On Tue, Nov 04, 2003 at 12:47:30AM -0500, Greg Stark wrote:

> So all it would take to make the tools handle this would be to somehow
> make apt aware of more revisions of packages. They're all in the pool
> after all.  Short of making some king of humongous mega-Packages file with
> every revision of every package -- which apt wouldn't scale up to anyways
> -- they're currently unavailable to APT.
> 
> The low hanging fruit here would be to have APT keep packages you had
> installed yourself in the cache rather than immediately discarding them as
> soon as they're upgraded. At a minimum keeping one extra revision would at
> least let you roll back. Something more flexible keeping old revisions for
> n days after being replaced would be even cooler.

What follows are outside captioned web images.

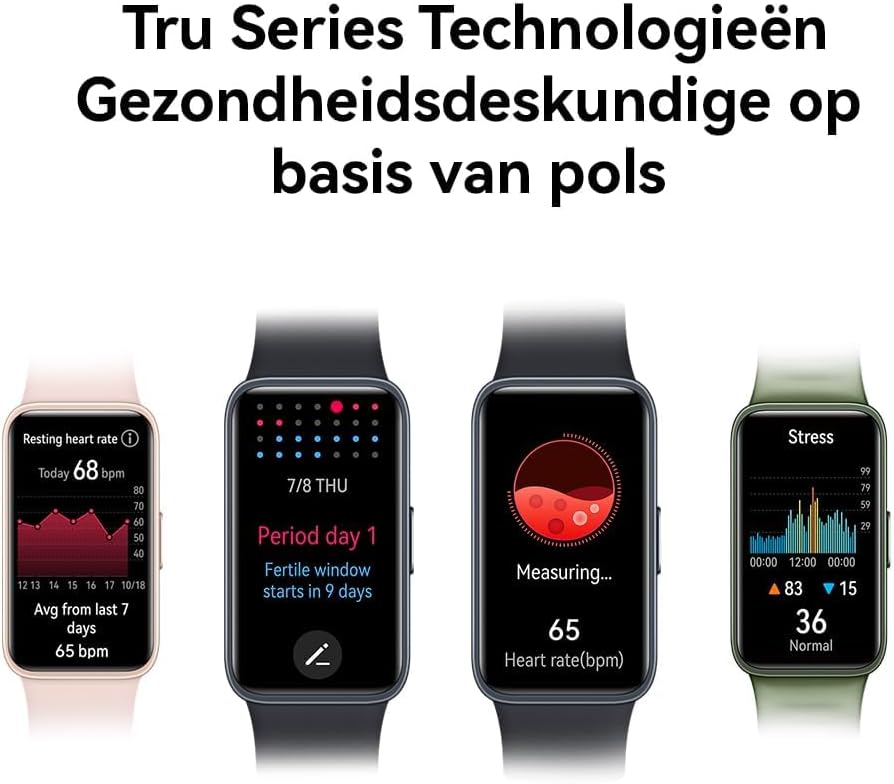 HUAWEI Band 8 Smartwatch, Ultraflaches Design, Schlaf-Tracking, 2 Wochen Akkulaufzeit,Gesundheits- u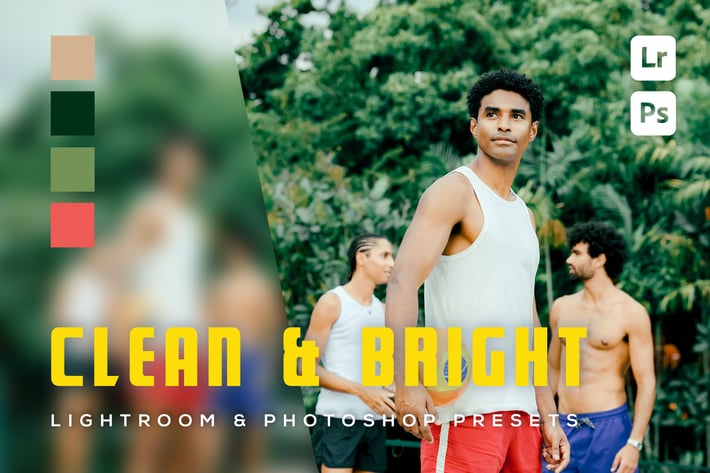 6 Clean & Bright Lightroom and Photoshop Presets
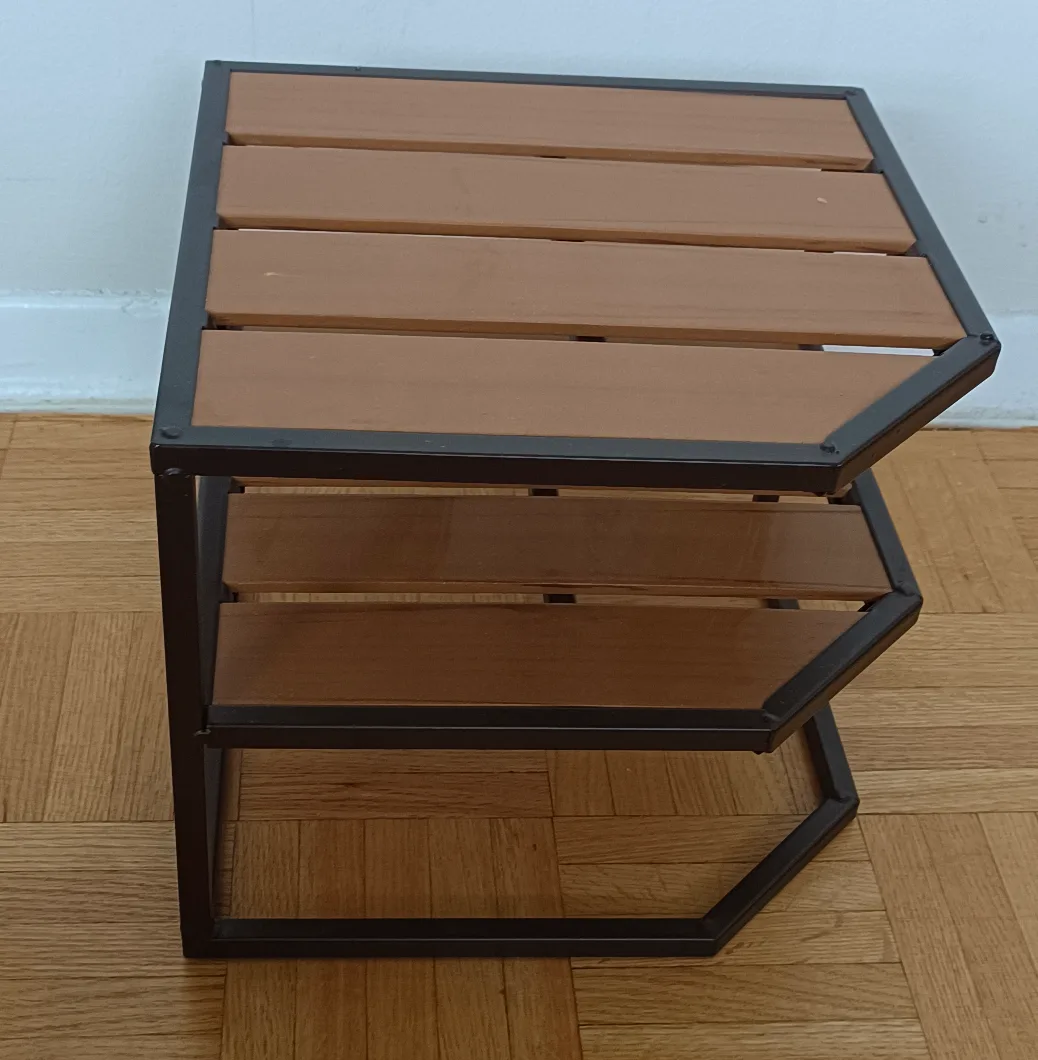 Metal 3 Tier Corner Shelf Unit thumbnail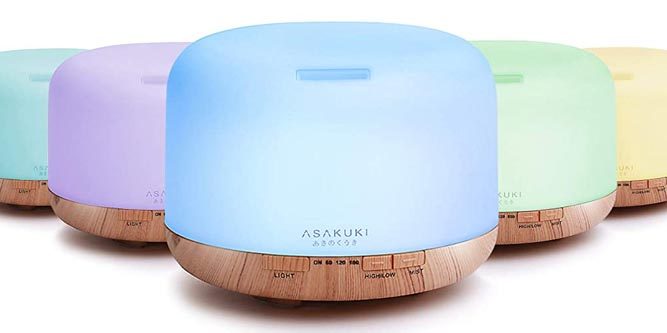 ASAKUKI 500ml Premium Essential Oil Diffuser Review - Nerd Techy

So because it's not practical for apt to try to maintain a database of all
packages it has ever seen, in addition to the current (enormous) package
database, you're suggesting that apt try to maintain a database of all
packages it has ever installed.  This seems to have exactly the same
problem (unbounded growth) on a somewhat smaller scale.  What's more, it's
already been implemented at snapshot.debian.net.

Trying to roll back to an earlier version of a package is not a "beginner
friendly" sort of operation.  If you don't know what's going on behind the
scenes, you're in for a world of pain even if the tools made it easier for
you to do this.  Debian packages don't expect to be downgraded, and it's
rather unlikely to do the right thing for non-trivial packages.

> or perhaps a little less automatic,
> 
> apt-cache show libc6
> 
> to list the available revisions then explicitly
> 
> apt-get install libc6:2.3.2-8

Which, surprisingly enough, is already implemented by apt, using '=' where
you have written ':'.

> Actually this wouldn't really have helped my friend at all because he was
> unlucky enough that the *first* version of libc6 from unstable that he saw
> happened to be the buggy one. That doesn't really happen that often to
> libc6 so he had particularly bad luck there.

So, in other words, implementing the feature you have described wouldn't
have fixed the problem in the first place.